- Work to complete -
Copy each line below word for word and drop every image.

- Supplied data -
>>>

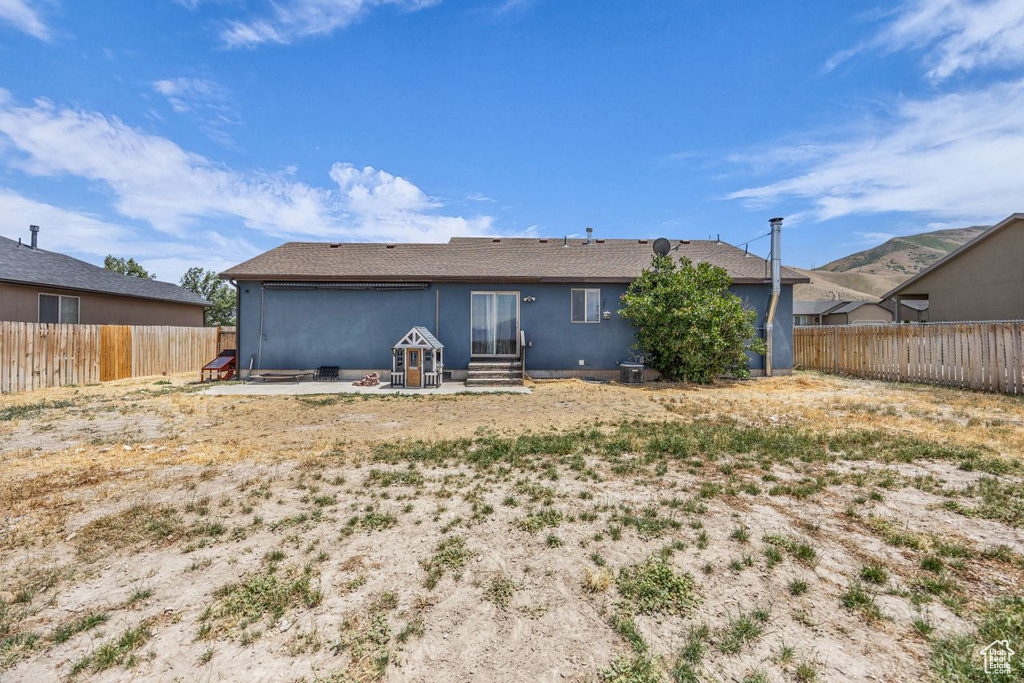 Back of property featuring a fenced backyard, a patio area, stucco siding, and entry steps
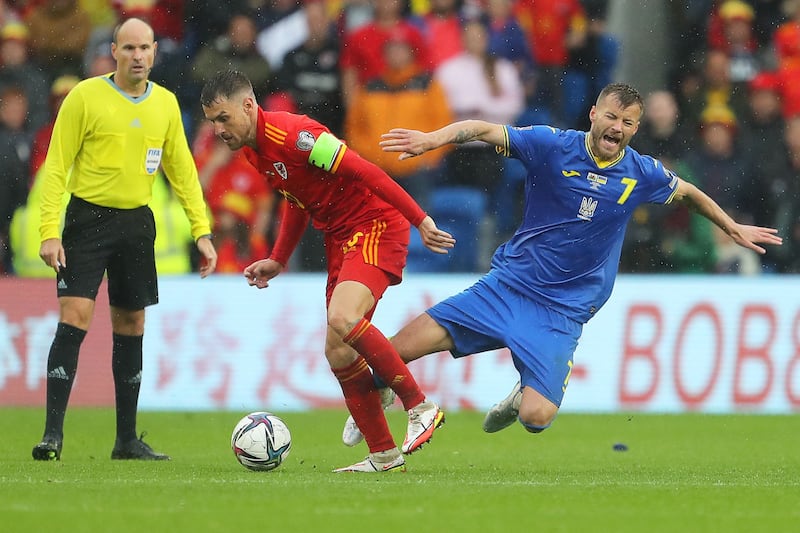 Wales midfielder Aaron Ramsey fights for the ball with Ukraine's Andriy Yarmolenko. AFP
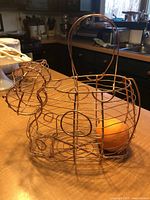 Metal wire basket in the shape of a cow holding an orange, placed on kitchen counter.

<<<

- Completed task -
 Back of property featuring a fenced backyard, a patio area, stucco siding, and entry steps
 Wales midfielder Aaron Ramsey fights for the ball with Ukraine's Andriy Yarmolenko. AFP
 Metal wire basket in the shape of a cow holding an orange, placed on kitchen counter.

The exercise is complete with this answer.